Thus, we may adopt an HMM $\lambda _c$ as a rich generative model of sequences $\sigma =<d_1,\ldots ,d_T>$ belonging to a given category c. We will discuss this in more detail later, including the form of the covariates involved, in the explanation of the line 5 of the algorithm shown in Fig. 1.

Latent Dirichlet Allocation (LDA) [4]. The Latent Dirichlet allocation (LDA) is a generative probabilistic model of a collection of documents (a corpus). Basically, it assumes that there is a set of k topics^{Footnote 1} $Z = \{z_j\}$ and each document $d\in D$ of the corpus deals with a mixture $\theta _d$ of them, i.e., $\theta _d:Z\rightarrow [0,1]$ such that $\sum _{j} \theta _d(z_j)=1$. Each topic $z_j$ is, in turn, a distribution over a set of words (vocabulary) $V=\{w_i\}$, i.e., $z_j: V\rightarrow [0,1]$ and $\sum _i z_j(w_i)=1$.

It is assumed that for the whole corpus a parameter denoted by $\beta $ is fixed and each topic distribution $z_j\in Z$ is sampled from the Dirichlet distribution with parameter $\beta $ over the space of all multinomial (categorical) distributions over the vocabulary V. Another parameter set for the whole corpus is $\alpha $ which is the parameter of the Dirichlet distribution used to sample the mixtures of topics, to be explained below. Then, a document d, belonging to a corpus characterized by the values of parameters $\alpha $ and $\beta $, is assumed to be generated in the following process:

1.
First, the length of the document in words, N, is sampled according to the Poisson distribution with the parameter $\xi $.
2.
Second, the mixture of topics $\theta _d$ is sampled for the document according to the Dirichlet distribution with the parameter $\alpha $.
3.
Finally, for each of the N positions of words assumed to comprise the document d, first a topic $z_j$ is sampled using the multinomial distribution $\theta _d$ and then a word $w\in V$ is chosen using the multinomial distribution related to the topic $z_j$.

Now, if we are given a corpus of documents we can observe only the values of the variables corresponding to the particular positions of the words within documents.
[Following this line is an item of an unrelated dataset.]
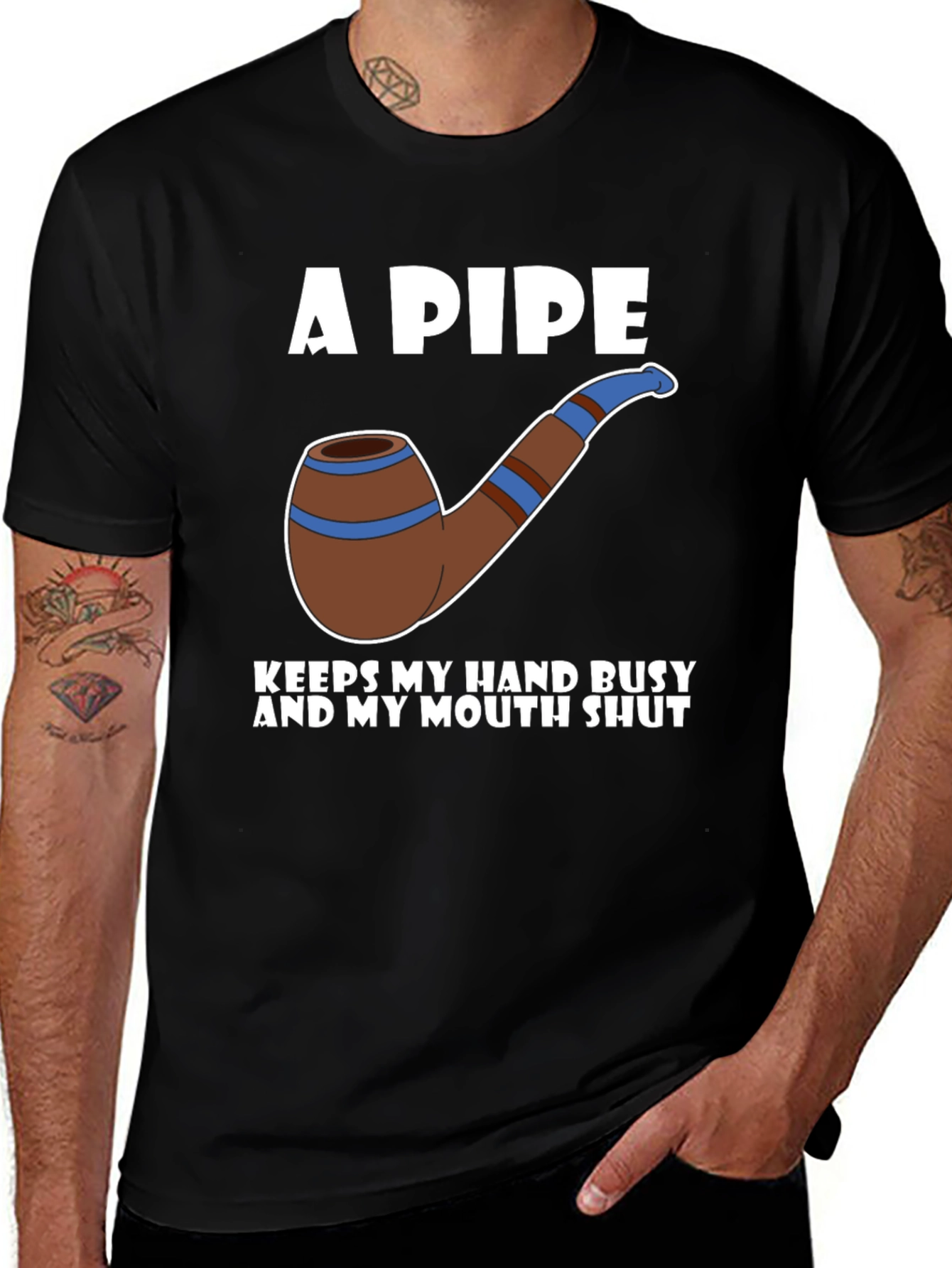 A Pipe Keeps My Hand Busy T-Shirt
All other random variables mentioned in the description of the generative process above are hidden. There exists a number of approaches to infer the posterior distributions of the hidden variables and to estimate parameters $\alpha $ and $\beta $ [4]. Using one of them we obtain an LDA model of the corpus. Let us denote its part which will be useful for our further considerations as:

$$\begin{aligned} L=(\{z_j\}_{j=1,\ldots ,k},\{\theta _d\}_{d\in D}) = (Z,\varTheta ) \end{aligned}$$

(5)

i.e., we have a set of k multinomial distributions $z_j$ over the set of words V for all k topics and for each document $d\in D$ we have a mixture of topics $\theta _d$ characterizing it. We are also in a position to determine the representation of a new document $d^\star \notin D$ using the LDA model obtained.

3.2 The Algorithm

Here we assume that the incoming document $d^\star $ has been first properly classified to a category and the algorithm presented assigns a case to $d^\star $. We briefly discuss the question of category assignment in Sect. 3.3.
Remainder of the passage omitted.